Source data:

======

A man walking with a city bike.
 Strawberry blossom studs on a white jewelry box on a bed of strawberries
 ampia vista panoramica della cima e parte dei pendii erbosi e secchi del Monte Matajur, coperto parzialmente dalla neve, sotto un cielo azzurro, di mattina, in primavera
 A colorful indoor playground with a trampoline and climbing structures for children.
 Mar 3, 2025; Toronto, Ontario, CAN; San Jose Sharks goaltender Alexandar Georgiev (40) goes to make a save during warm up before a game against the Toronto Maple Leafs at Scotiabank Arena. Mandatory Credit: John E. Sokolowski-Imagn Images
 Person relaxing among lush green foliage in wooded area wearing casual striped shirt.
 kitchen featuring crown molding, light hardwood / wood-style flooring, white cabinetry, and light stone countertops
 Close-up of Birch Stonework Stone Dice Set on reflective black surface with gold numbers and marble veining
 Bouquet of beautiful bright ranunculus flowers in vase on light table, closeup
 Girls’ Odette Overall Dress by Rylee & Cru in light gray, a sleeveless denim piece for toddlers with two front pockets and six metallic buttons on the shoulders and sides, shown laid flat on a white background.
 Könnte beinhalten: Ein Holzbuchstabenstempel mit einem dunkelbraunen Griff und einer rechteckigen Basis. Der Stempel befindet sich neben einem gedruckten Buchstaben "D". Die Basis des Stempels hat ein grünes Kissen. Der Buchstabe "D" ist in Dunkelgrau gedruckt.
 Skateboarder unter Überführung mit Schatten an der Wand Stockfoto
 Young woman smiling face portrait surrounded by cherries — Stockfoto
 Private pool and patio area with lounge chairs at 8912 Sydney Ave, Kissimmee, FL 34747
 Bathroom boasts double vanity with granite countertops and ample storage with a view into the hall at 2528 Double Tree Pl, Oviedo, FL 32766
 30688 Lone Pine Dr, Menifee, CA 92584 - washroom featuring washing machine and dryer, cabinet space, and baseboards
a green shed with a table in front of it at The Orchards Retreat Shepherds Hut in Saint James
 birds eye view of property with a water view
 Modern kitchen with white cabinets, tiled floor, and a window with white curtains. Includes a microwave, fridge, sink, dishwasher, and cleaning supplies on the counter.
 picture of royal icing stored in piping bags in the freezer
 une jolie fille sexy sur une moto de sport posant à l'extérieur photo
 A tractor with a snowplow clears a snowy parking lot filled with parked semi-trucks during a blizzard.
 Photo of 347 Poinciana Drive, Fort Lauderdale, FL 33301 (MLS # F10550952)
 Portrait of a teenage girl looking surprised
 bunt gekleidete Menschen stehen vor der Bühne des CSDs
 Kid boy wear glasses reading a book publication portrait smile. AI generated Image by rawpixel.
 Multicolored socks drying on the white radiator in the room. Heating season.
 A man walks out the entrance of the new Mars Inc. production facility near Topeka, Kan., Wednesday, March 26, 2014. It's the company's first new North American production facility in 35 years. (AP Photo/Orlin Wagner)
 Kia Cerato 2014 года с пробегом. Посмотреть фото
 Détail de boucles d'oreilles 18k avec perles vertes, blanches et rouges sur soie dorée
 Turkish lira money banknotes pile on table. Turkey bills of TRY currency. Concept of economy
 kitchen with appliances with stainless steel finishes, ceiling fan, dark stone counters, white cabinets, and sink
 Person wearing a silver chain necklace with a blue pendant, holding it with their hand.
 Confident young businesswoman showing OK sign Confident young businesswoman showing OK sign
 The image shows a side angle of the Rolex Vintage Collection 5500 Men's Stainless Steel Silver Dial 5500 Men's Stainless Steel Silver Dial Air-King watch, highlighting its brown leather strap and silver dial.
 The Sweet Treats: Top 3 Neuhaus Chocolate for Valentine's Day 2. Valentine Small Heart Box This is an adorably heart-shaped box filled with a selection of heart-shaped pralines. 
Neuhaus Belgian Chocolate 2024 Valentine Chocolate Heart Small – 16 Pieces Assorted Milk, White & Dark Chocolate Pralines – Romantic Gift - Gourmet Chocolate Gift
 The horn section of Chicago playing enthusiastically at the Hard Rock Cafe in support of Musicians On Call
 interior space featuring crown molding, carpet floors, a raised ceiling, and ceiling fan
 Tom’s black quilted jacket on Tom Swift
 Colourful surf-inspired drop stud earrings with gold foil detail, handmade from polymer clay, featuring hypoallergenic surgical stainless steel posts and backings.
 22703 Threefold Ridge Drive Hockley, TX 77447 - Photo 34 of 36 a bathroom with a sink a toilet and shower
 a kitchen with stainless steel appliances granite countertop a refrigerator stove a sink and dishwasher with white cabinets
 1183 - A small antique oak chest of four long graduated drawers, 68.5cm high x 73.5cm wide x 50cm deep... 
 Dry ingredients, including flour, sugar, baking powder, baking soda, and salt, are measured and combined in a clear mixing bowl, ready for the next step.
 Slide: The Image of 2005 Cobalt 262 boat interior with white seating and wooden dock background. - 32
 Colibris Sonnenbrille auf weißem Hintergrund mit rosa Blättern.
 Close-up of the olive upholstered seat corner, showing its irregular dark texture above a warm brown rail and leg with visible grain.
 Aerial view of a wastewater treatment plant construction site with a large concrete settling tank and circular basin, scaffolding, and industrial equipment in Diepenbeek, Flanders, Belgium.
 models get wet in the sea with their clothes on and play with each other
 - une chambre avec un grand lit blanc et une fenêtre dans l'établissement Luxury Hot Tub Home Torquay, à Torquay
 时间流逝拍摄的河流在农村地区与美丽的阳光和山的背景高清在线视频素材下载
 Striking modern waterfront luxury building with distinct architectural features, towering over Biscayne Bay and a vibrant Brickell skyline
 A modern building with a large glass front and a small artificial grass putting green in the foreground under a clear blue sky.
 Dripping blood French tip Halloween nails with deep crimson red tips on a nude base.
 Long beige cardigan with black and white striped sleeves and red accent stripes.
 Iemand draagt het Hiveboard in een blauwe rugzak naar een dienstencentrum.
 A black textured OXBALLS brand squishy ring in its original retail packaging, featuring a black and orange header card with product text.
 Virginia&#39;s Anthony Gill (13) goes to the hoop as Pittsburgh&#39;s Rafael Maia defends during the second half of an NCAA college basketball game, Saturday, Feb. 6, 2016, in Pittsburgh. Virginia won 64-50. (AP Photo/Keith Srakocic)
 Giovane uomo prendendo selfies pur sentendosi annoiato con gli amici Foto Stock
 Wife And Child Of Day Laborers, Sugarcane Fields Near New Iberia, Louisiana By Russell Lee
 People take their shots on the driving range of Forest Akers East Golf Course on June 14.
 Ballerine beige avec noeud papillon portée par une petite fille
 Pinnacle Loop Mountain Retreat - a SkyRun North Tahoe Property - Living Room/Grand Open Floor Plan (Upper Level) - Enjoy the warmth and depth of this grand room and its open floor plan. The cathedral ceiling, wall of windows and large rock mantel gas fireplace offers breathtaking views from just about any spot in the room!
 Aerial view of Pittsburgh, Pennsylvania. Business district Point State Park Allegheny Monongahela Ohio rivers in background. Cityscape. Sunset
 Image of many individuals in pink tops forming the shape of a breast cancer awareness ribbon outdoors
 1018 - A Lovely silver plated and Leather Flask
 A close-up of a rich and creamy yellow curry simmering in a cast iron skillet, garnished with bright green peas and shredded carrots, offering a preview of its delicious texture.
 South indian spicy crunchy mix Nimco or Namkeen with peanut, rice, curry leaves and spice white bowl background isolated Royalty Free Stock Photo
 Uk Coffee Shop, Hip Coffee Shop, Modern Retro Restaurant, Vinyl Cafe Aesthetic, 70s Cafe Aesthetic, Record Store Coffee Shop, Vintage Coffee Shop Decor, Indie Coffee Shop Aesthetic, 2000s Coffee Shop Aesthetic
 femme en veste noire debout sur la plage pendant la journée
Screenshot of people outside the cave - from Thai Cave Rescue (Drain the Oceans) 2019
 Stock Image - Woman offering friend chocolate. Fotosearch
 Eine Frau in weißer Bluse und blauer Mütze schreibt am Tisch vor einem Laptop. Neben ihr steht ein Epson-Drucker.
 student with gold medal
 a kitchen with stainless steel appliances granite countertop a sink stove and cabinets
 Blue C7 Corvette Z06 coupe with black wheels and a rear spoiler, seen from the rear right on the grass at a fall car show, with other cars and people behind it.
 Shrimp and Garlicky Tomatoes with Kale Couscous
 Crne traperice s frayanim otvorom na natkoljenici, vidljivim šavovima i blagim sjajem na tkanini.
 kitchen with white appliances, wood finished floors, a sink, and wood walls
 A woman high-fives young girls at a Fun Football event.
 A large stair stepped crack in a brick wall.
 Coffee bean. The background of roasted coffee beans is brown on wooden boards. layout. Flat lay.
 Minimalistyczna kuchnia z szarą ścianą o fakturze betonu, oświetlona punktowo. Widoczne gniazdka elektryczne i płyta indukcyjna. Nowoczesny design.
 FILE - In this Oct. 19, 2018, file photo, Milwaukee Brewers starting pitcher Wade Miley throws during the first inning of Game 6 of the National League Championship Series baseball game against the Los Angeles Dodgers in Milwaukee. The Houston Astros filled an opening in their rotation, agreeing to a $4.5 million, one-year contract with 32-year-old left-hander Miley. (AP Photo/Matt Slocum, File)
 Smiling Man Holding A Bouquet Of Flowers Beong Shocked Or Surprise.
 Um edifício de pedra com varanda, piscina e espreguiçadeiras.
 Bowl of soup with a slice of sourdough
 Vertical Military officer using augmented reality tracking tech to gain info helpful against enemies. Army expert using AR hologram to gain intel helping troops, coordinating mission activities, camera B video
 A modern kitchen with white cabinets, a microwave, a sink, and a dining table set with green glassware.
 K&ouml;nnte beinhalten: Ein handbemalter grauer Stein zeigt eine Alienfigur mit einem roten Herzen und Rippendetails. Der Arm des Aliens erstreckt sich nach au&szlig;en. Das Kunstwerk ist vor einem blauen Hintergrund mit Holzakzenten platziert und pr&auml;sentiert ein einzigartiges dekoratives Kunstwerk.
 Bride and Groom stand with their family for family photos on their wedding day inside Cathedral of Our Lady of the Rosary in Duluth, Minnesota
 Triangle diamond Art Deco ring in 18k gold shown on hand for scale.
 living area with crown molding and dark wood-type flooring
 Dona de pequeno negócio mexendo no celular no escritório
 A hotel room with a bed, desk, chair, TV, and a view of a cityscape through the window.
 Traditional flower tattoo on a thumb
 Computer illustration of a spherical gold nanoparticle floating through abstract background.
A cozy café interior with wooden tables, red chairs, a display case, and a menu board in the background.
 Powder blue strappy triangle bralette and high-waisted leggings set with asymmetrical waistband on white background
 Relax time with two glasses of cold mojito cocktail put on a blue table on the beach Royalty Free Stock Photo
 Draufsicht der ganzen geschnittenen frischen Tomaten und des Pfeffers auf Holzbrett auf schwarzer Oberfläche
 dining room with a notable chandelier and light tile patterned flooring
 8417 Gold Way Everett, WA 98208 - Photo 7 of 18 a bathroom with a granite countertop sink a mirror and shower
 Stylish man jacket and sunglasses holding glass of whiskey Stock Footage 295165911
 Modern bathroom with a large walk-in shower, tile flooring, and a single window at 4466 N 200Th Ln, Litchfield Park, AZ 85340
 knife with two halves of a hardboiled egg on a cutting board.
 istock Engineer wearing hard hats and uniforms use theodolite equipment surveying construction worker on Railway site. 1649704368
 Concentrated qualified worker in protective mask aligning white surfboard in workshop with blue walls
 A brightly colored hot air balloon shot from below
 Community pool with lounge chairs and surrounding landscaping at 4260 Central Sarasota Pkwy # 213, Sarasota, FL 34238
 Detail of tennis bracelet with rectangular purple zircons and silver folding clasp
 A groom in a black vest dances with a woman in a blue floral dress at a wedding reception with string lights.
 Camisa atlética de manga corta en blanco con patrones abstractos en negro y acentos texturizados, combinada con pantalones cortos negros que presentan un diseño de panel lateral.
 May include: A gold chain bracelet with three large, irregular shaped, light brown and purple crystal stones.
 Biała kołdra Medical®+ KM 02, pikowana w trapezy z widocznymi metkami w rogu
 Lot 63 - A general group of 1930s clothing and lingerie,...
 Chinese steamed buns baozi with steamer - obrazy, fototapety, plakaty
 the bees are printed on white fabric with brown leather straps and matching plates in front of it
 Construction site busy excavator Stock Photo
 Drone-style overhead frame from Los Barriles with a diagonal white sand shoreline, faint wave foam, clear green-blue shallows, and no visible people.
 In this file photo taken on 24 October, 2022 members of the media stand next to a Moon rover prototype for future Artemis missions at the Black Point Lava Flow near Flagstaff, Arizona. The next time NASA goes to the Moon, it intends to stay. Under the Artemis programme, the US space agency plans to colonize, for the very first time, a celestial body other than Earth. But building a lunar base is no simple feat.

======

About this task: When a line among the entries contains "Vintage", pull that line out.

Exercise result:
 The image shows a side angle of the Rolex Vintage Collection 5500 Men's Stainless Steel Silver Dial 5500 Men's Stainless Steel Silver Dial Air-King watch, highlighting its brown leather strap and silver dial.
 Uk Coffee Shop, Hip Coffee Shop, Modern Retro Restaurant, Vinyl Cafe Aesthetic, 70s Cafe Aesthetic, Record Store Coffee Shop, Vintage Coffee Shop Decor, Indie Coffee Shop Aesthetic, 2000s Coffee Shop Aesthetic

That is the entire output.